Chapter Nine: We Talk to the Robots

It was only nine and a half hours later that we met again. There were ten of us: The captain, Mary, Bradshaw, Earl, Hennley, Jones, Rollins, White, and me, along with Jack Knight. And of course Omni.

The captain started without preliminaries.

“Jack, how long before we can engage the interstellar drives?”

“Well, Captain.” Jack scratched his beard. Like many heavy-tech types, he wasn’t big on personal hygiene. He was the only one on board that grew one, and it was long and unkempt.

“The interstellars are not high-G drives; they’re efficient, not fast. We don’t usually engage them until we’ve reached escape velocity and are outside the planetary regime of a star, so we don’t get pulled off course by an unexpected gravitational effect. Around our Sun, that depends on the position of the gas giants. Their orbits are well known, and if they’re all on the far side as we are leaving, we might engage as close as passing the orbit of Saturn. Here, I wasn’t planning on engaging them for about twenty days.”

“Thank you,” said the captain. “Jones, please update us as to the status of the interceptors.”

“The two ships appear to be twins. They started out at 143 times our mass. Their initial acceleration under chemical power was 9.3 G’s. The chemical engines stopped after 2 hours 10 minutes, and nuclear engines were engaged in their place. They’ve been burning nuclear since then, approximately 12 hours, with an acceleration of 2.1 G’s. They’re on an intercept course, and they’ll reach closest approach in 27 hours 30 minutes.

“Of their armament we can tell little. When they passed the stealth satellite, we got some sensor readouts and a distant visual. Here are the results on the display screen.”

The visuals were computer-enhanced animations of the twins passing the stealth.
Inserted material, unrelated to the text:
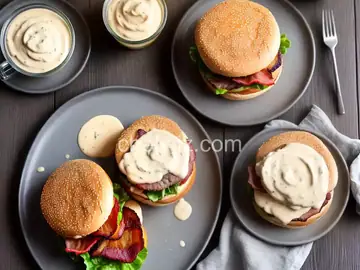 Butter Burger with Beer Cheese Sauce and Bacon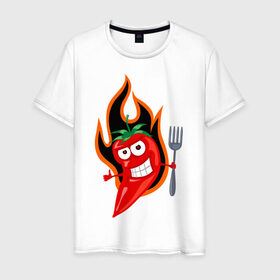 Мужская футболка хлопок с принтом Горячий перец (red hot pepper) в Екатеринбурге, 100% хлопок | прямой крой, круглый вырез горловины, длина до линии бедер, слегка спущенное плечо. | red hot pepper | горячий перец | огонек | огонь | перец | перчик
The ships were huge behemoths, consisting mostly of fuel tanks, with tremendous chemical flames pouring out to the rear in delicately traced sharp-edged cones. Their payload areas were compact cylinders, covered with numerous bulges.

“The ships are heavily armored. We know this because the stealth satellite detected very little radiation, even though the ships are packing nuclear engines.
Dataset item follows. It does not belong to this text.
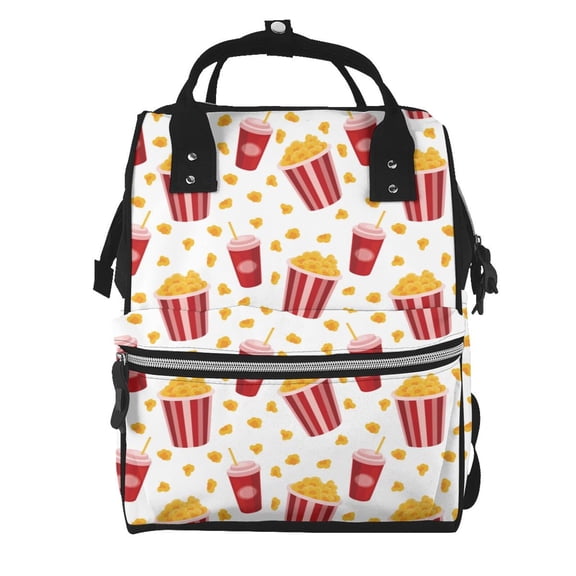 Ratiio Popcorn Mummy Backpack - Waterproof Twill Canvas, Large Capacity Diaper Bag with Multiple Pockets and Adjustable Straps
“All those bulges are likely to be gun ports of some sorts. They’re covered to protect them during the exit from the atmosphere. Unfortunately, they also prevent us from finding out what’s behind them. We still don’t know much about their weapons’ capabilities.”

“Thank you, Jones. Mr. Bradshaw, what do you have to report from Communications?”

Bradshaw stood up quickly. There was a bright glow in his eye that spoke of either good news or significant accomplishment.

“Captain, we’ve broken their new code and we’ve been communicating with them for three hours now.”

There was a gasp through the room.

“The robots have been quite courteous, in fact. We’d forgotten they didn’t realize we already knew their language. Their ‘new code’ that caused us such consternation, when it started a few hours back, was their way of trying to communicate with us in open transmissions, based on mathematical principles.

“Once we’d figured that out, we started responding in kind. It’s been very informative. There have been significant lapses in their logic as they’ve tried to build it up for us piece-by-piece, and we’ll be analyzing for the etymological and cultural meaning of those lapses for many years.

“In the meantime, we are on the verge of knowing enough of the new language to say ‘hello’. That should happen in a few minutes. You’re invited, Captain, to say our first human words to our first extraterrestrial alien intelligences.”

“Let’s pray they’re not the last,” snorted the captain. “I thank you for the opportunity, Bradshaw; let me know when you’re ready. In the meantime, do you have anything else?”

There was a long silence. Then Mary asked, “What do they want? What are we going to do?”

The captain looked at her gently for a moment.

“We don’t know the answer to either of those questions yet. Perhaps we’ll know more in a few minutes, after we’ve talked to them.”

Bradshaw scurried up beside the captain carrying an odd box. “Excuse me, Captain, we’re ready to begin formal greetings.”


“We don’t have voice contact yet. We’ll have that later, after the computers have had more time to analyze their speech for intent and historical context. Without that analysis, the synthesized inflections they would add would be erroneous and misleading. Instead, we’ll work with the printed word—using a keyboard and typing messages.”

“Typing?” The captain looked at Bradshaw quite peculiarly. Bradshaw just beamed back like the cat that ate the canary.

“It’s an old skill. I mastered it as a hobby, and I’ve brought my keyboard with me.” He held up the odd-looking box.

“Now look at the main display up on the wall. What the robots say will appear in red on the display.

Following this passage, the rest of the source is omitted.